=== Data shown ===
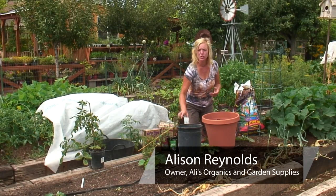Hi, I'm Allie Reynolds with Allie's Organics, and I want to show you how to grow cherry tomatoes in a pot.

--

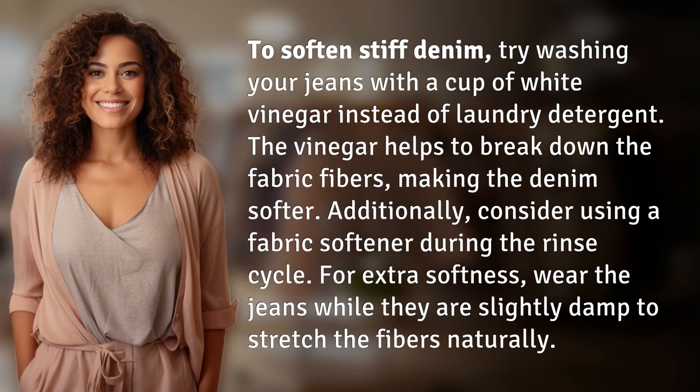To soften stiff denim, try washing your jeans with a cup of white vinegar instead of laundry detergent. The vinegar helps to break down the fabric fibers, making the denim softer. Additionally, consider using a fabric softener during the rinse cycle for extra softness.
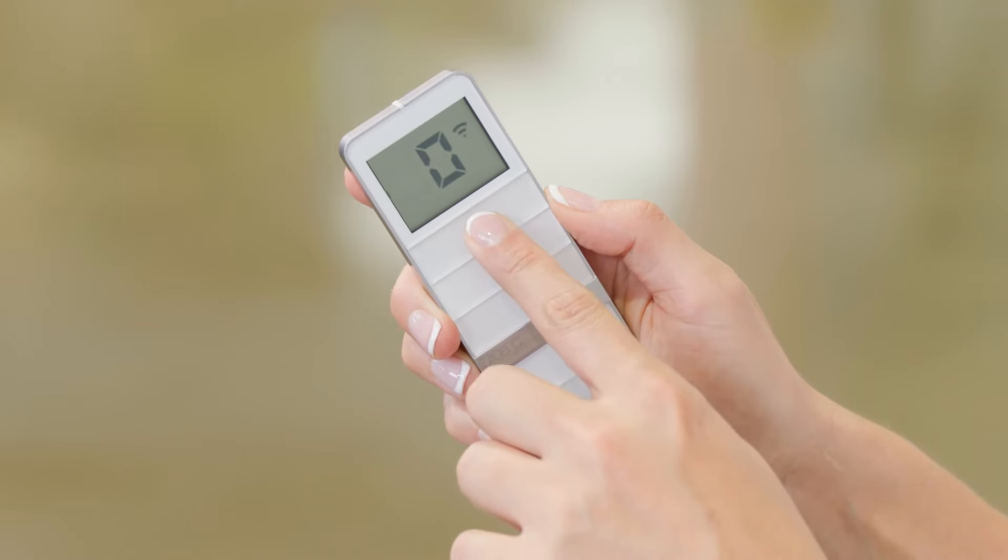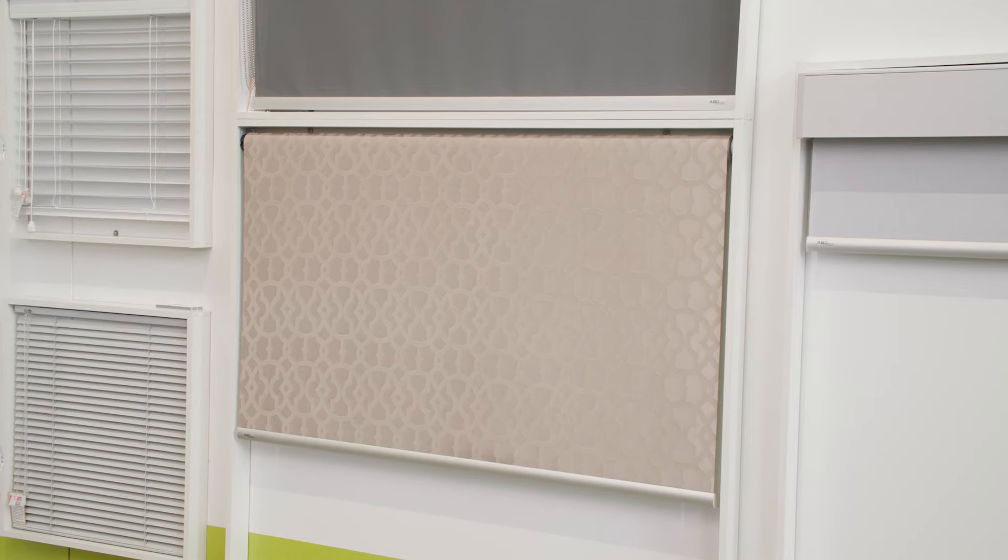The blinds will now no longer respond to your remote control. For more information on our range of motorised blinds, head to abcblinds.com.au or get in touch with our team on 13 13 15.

=== Requirement ===
Retype, exactly and with no pictures, everything above from the line with "To soften stiff" down to the line with "The blinds will", both included.

=== Task output ===
To soften stiff denim, try washing your jeans with a cup of white vinegar instead of laundry detergent. The vinegar helps to break down the fabric fibers, making the denim softer. Additionally, consider using a fabric softener during the rinse cycle for extra softness.
The blinds will now no longer respond to your remote control. For more information on our range of motorised blinds, head to abcblinds.com.au or get in touch with our team on 13 13 15.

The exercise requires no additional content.